SUMMARY OF INVENTION

Technical Problem

When the drug transfer device or the like does not match with the pharmaceutical container, it becomes difficult to puncture the rubber stopper that caps the mouth part of the pharmaceutical container, and there is a danger of causing an accident such as the leakage of the drug from the pharmaceutical container in some cases. Since the aluminum cap has the problems as described above on the other hand, a plastic cap capable of holding the rubber stopper that caps the mouth part of the pharmaceutical container is required. Further development of the plastic cap has been desired under such circumstances.

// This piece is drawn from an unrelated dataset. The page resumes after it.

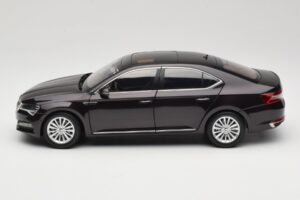 Skoda Superb Mk3 Črn Paudi Model 1:18 ZSS000006BLA Kovina – slika 4 od 8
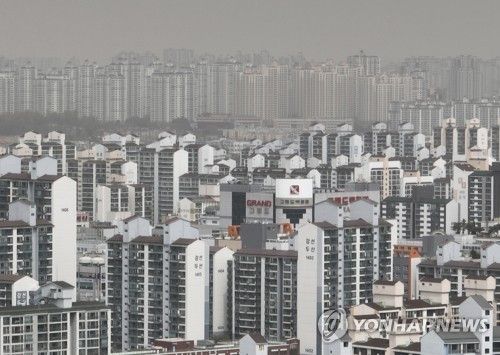 오늘도 황사와 미세먼지에 갇힌 세상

Accordingly, the present invention provides a plastic cap that can be safely applied to the closed system drug transfer device, prevents the leakage of the drug from the pharmaceutical container, and does not require a plurality of connection adapters when fitting to a medical instrument of the closed system drug transfer device.

Solution to Problem

That is, the present invention provides a plastic cap (F) attached to a pharmaceutical container (A) and fitting to a medical instrument used for a closed system drug transfer device, the cap (F) includes

• • a top surface part (F1) having a fitting part (F11) at the center thereof, a cylindrical skirt part (F2) extending downward from an outer periphery of the top surface part (F1) and opening at a lower end, and a fitting member (F3) fitting inside the skirt part (F2),
  • in which the fitting part (F11) includes a lip (F112) and an intermediate tube (F113) extending downward from the lip (F112), and
  • the skirt part (F2) has a lower rubber stopper (F211) thereinside and the lower rubber stopper (F211) has an O-ring shape.

In the present invention, the lower rubber stopper (F211) may be convex toward an upper direction.

In the present invention, the fitting part (F11) may include an upper surface (F115), an upper rubber stopper (F111), and a lower surface (F114) in the lip (F112), and a contact surface with respect to the medical instrument may contact at least one place in the lower surface (F114) or the upper surface (F115) of the fitting part (F11).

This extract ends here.